Prince Harry.

Prince Harry wins first round of High Court libel battle in latest in security saga

A HIGH COURT judge has ruled that an article about Prince Harry’s legal claim against the Home Office was defamatory.

The piece was published in February under the headline: “Exclusive: How Prince Harry tried to keep his legal fight with the government over police bodyguards a secret… then – just minutes after the story broke – his PR machine tried to put a positive spin on the dispute.”

Lawyers for the Prince argued that the article meant that Harry had “lied”, had “improperly and cynically” tried to manipulate public opinion and had “tried to keep his legal fight with Government secret from the public” and, therefore, the article was defamatory.
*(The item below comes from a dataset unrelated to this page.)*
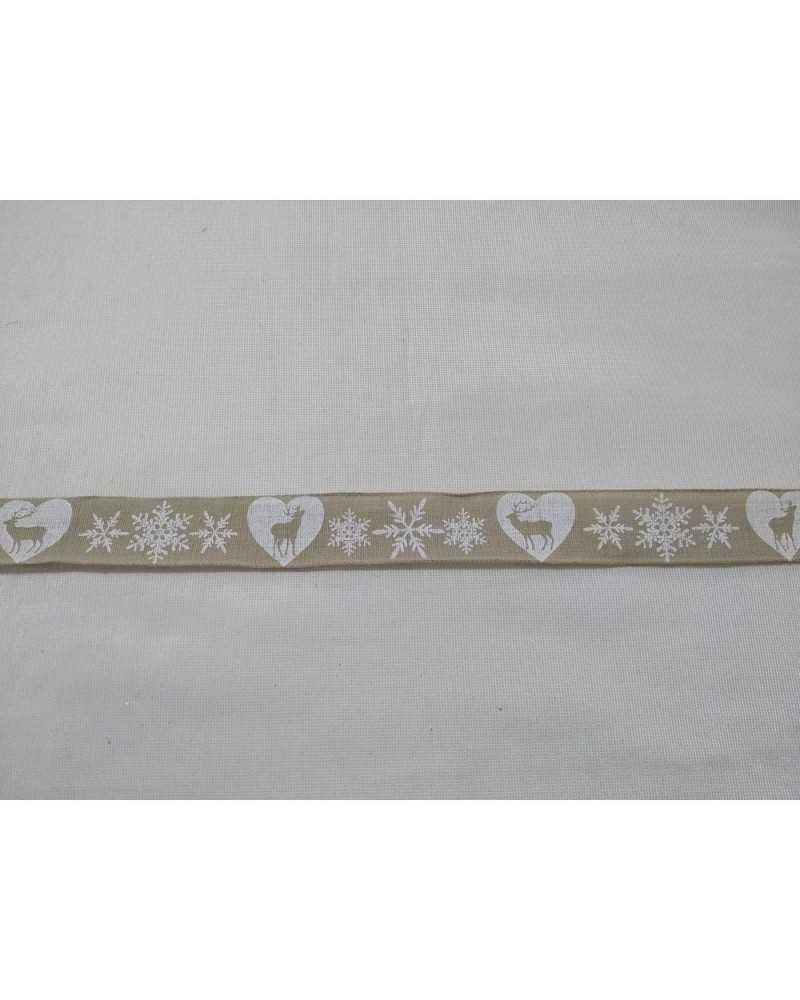 Trimmings Christmas Ribbon Printed Reindeer Hearts Snowflakes High 25 Mm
Justin Rushbrooke QC, for Harry, said: “Allegations that a person has lied to the public, manipulated the public and attempted to keep secret which ought properly to be public are serious ones which tend to lower him in the eyes of right-thinking people.”
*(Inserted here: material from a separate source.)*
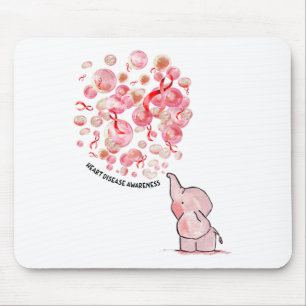 Elephant Blows Up Red Balloons Heart Disease Aware Mouse Mat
ANL’s Lawyers argued that the article was not defamatory.

Andrew Caldecott QC, for ANL, said: “The article does allege that the claimant’s PR team spun the story, or added a gloss unduly favourable to the claimant, which led to inaccurate reporting and confusion about the nature of the claim.

“It does not allege dishonesty against them.”

Following the arguments, Justice Nicklin found pin a ruling on Friday that parts of the article in the claim were defamatory.

Discussing one of the meanings of the article, Justice Nicklin said: “[A reader would think Harry] was responsible for public statements, issued on his behalf, which claimed that he was willing to pay for police protection in the UK, and that his legal challenge was to the Government’s refusal to permit him to do so, whereas the true position, as revealed in documents filed in the legal proceedings, was that he had only made the offer to pay after the proceedings had commenced.”

Justice Nicklin found that very much of article’s “object was to mislead the public”.

He said: “It may be possible to ‘spin’ facts in a way that does not mislead, but the allegation being made in the article was very much that the object was to mislead the public.

“That supplies the necessary element to make the meanings defamatory at common law.”

Prince Harry

The ruling is the latest win for the Prince in the courts. (Image: GETTY)

He said: “Read as a whole, the article was quite clear that he was seeking certain confidentiality restrictions in relation to ‘documents and witness statements’ in the proceedings, not blanket secrecy on the whole claim.”

He found that an ordinary reader would have understood the article to mean that the Duke of Sussex “had initially sought confidentiality restrictions that were far-reaching and unjustifiably wide and were rightly challenged by the Home Office”.

Friday’s judgment only relates to the “objective meaning” of the article, Mr Justice Nicklin said, adding it is the first stage in the libel claim.